Dabei ist es doch gerade die Langeweile, die die Kleinen brauchen. Luft, zum Atmen. Raum, um sich und die Welt zu erkunden.
Klar sind sie beschäftigt, wenn sie bis spät Nachmittags oder bis zum frühen Abend mit Gleichaltrigen zusammen sind. Aber entsteht da die nötige Sicherheit und Ruhe, um zu echtem Spiel bewegt zu werden? Ich bezweifle es und habe auch so gut wie noch nie echtes Spiel in großen Gruppen von Gleichaltrigen beobachten können.

Die Natur- natürlicher Lernort ohne Grenzen

Die Natur bietet den besten und größten Lernort, den es gibt.
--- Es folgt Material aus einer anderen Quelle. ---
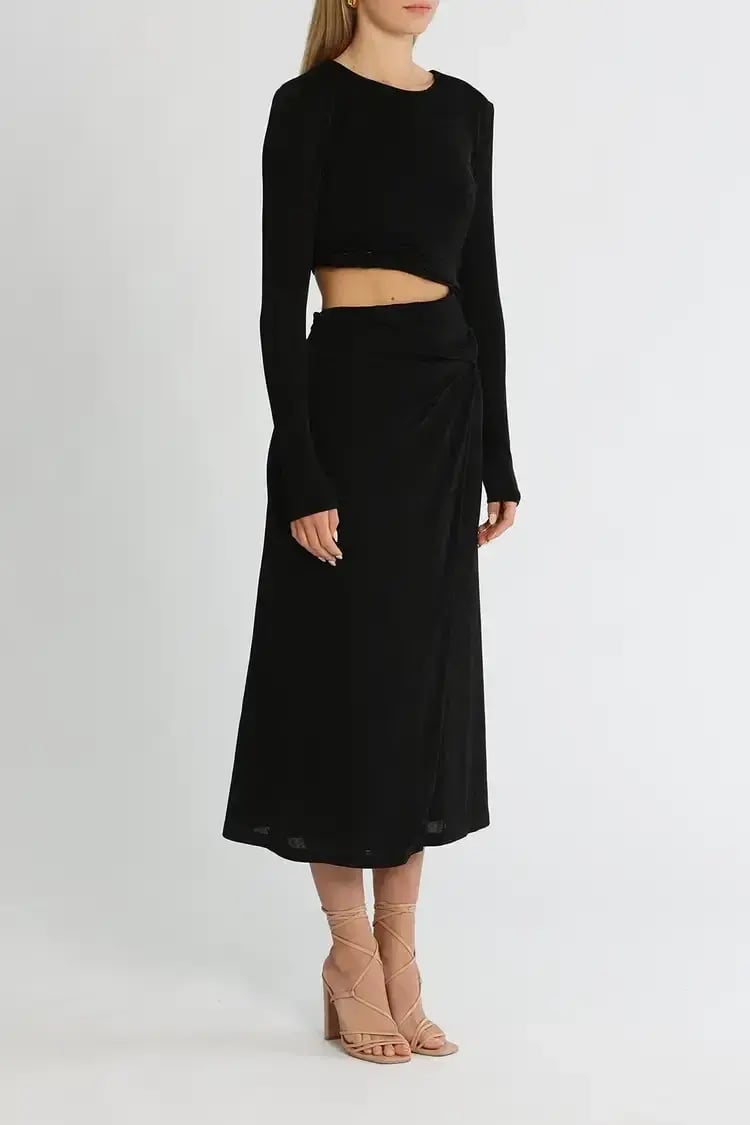 MISHA Arma Midi Dress Black Size 10/M photo 2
Wenn die nötigen Wurzeln, um sich zu entfalten, gegeben sind. Das Kind fängt an, die Welt zu erkunden, wenn der Heimathafen sicher ist.
Nun ist mir schon klar, dass nicht jedes Kind in einem Dorf aufwächst und auch nicht jeder Verwandte auf dem Land hat. ABER. Wieso nicht einfach mal einen ganz einfachen Urlaub planen? Es muss nicht immer Flug, Meer, Besichtigungen, und, und, und sein. Oft sind es die einfachen Dinge, die unsere Kinder glücklich machen. Entspannen, vielleicht gar nicht weit von zu Hause weg. Gleichgesinnte treffen, eine tolle Zeit mit den Kindern genießen. Ohne „ich muss…“, einfach so. Viel draußen, am Ende des Tages schmutzige Gesichter und zerzauste Haare.
Vielleicht wäre das ja was für eure Familie? Schont Nerven, Geld und schützt ganz nebenher noch die Umwelt. Raum für echte Verbindung, ohne Druck und ohne Wenn und Aber.